Foto udara Palangka Raya, menunjukkan Jembatan Kahayan, salah satu ikon "Kota Cantik" itu, Kamis pagi (8/8). © Wisnu Agung Prasetyo / Beritagar.id
Pemerintah tengah mengkaji pemindahan ibu kota. Jakarta yang sesak dianggap tak ideal. Palangka Raya jadi salah satu kandidat kuat penggantinya.
----------
Isu pemindahan ibu kota santer terdengar beberapa bulan terakhir. Alasannya, Jakarta sudah kelebihan beban berikut masalah: macet, banjir, arus urbanisasi, dan seterusnya.
Selain meringankan beban Jakarta, pemindahan ibu kota diharapkan bisa mendorong pemerataan pembangunan. Rencananya, pemindahan akan berlaku untuk pusat pemerintahan. Sedangkan pusat perekonomian tetap di Jakarta.
Dalam riuh isu itu, nama Palangka Raya terselip sebagai salah satu kandidat ibu kota.
Dari Jakarta butuh waktu 1 jam 20 menit penerbangan (tanpa perbedaan waktu) menuju Bandara Tjilik Riwut di Palangka Raya. Bandara yang dikelola pemerintah itu merupakan satu-satunya gapura Palangka Raya dari Jakarta.

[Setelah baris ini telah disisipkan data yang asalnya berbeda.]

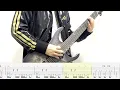 【TAB譜】SiM -  BLiNDEYES feat. Yukina from 花冷え。【ギター弾いてみた】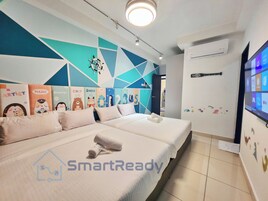 家庭公寓, 阳台 | 熨斗/熨衣板、免费 WiFi、轮椅无障碍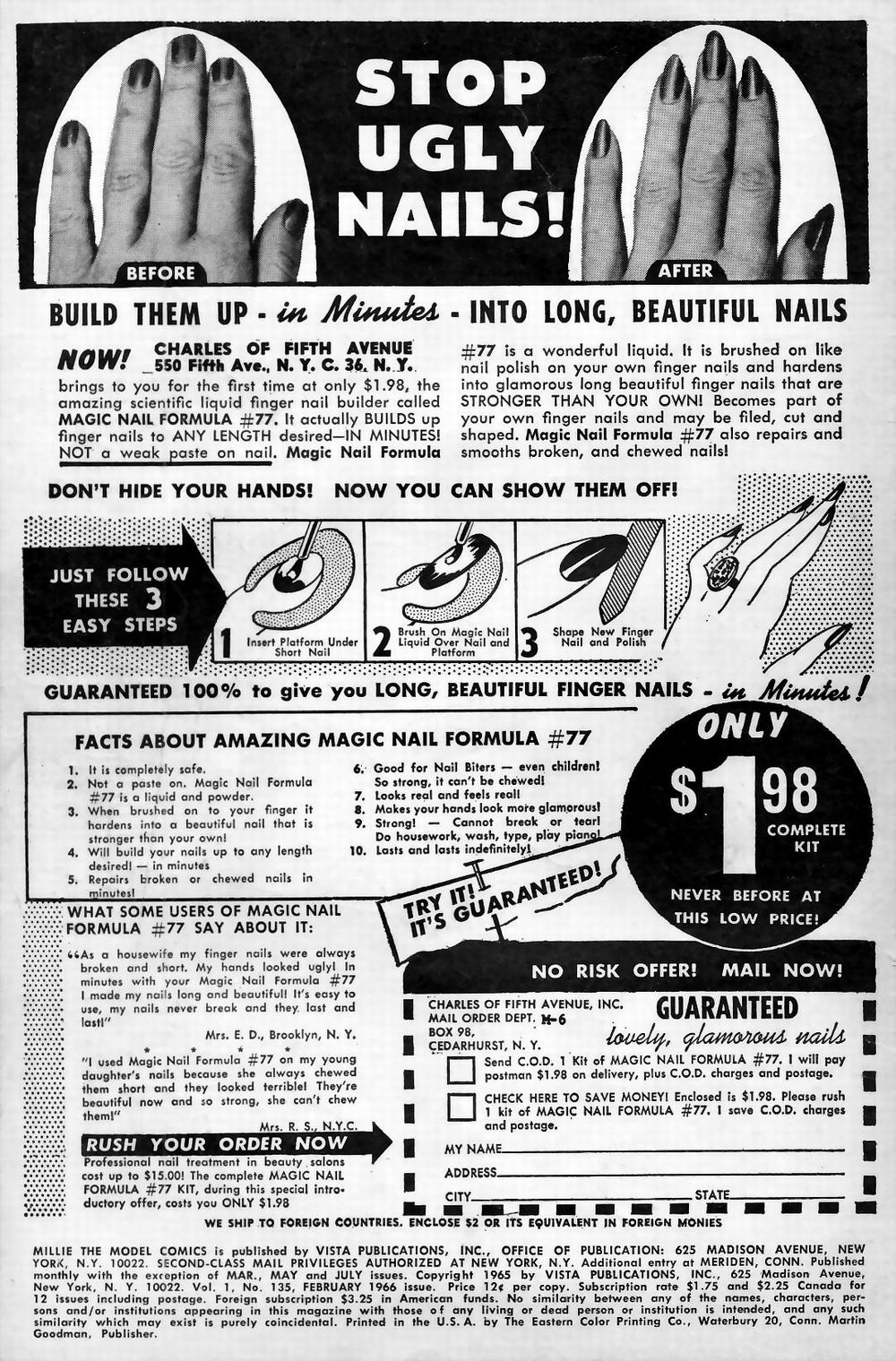 Read online Millie the Model comic -  Issue #135 - 2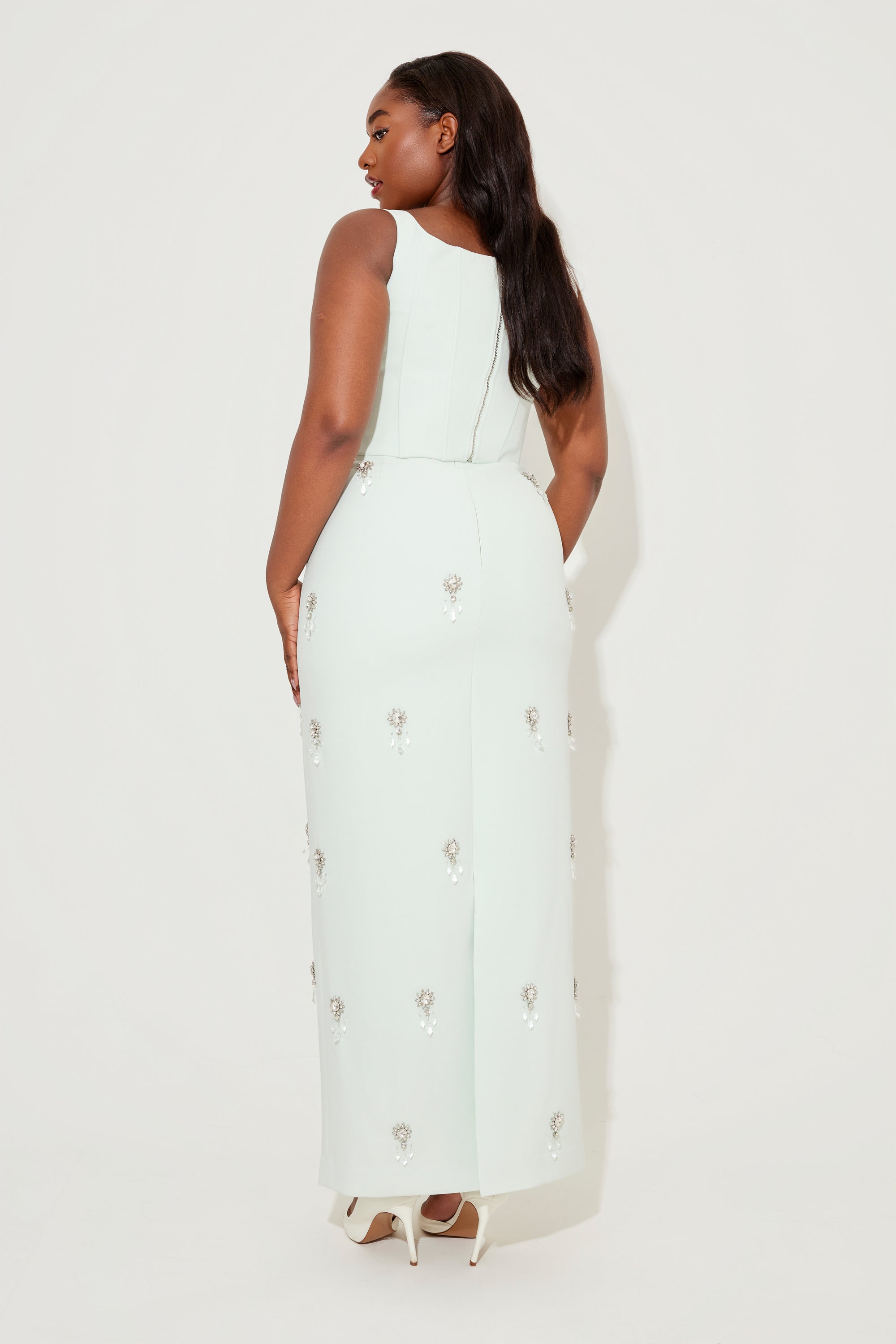 The Ultimate Muse Crystal Maxi Skirt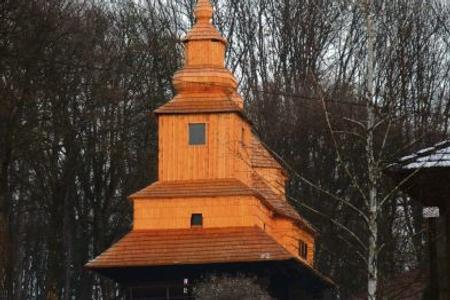 The reconstructed church in Humenné museum.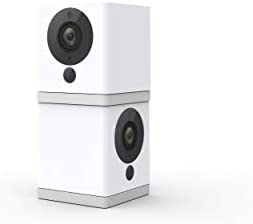 Wyze Cam 1080p HD Indoor Wireless Smart Home Camera with Night Vision, 2-Way Audio, Works with Alexa & the Google Assistant (Pack of 2), White - WYZEC2X2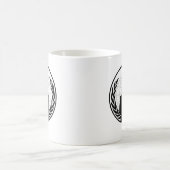匿名の国際的なロゴ コーヒーマグカップ (中央)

Saban hari, ada empat penerbangan rute Jakarta-Palangka Raya dan sebaliknya. Selain itu, ada lima penerbangan dari (dan menuju) luar Pulau Kalimantan--Surabaya (3), Solo (1), dan Makassar (1).
Pusat kota Palangka Raya berjarak sekitar 13 kilometer dari Bandara Tjilik Riwut, yang makan waktu lebih kurang 20 menit perjalanan dengan melintasi jalan arteri nan lengang. Jalanan Palangka Raya memang sepi. Keramaiannya tersentral di jalan-jalan utama, macam Jalan Tjilik Riwut, Jalan Imam Bonjol, Jalan Yos Sudarso, dan Jalan Ahmad Yani.
Kacamata statistik kian tunjukkan Palangka Raya yang lengang. Kota berusia 60 ini punya luas sekitar 2.800 kilometer persegi, dengan tingkat kepadatan penduduk hanya 91 jiwa per kilometer persegi. Angka tersebut jomplang bila disandingkan dengan Jakarta yang kepadatannya lebih dari 15.000 jiwa per kilometer persegi.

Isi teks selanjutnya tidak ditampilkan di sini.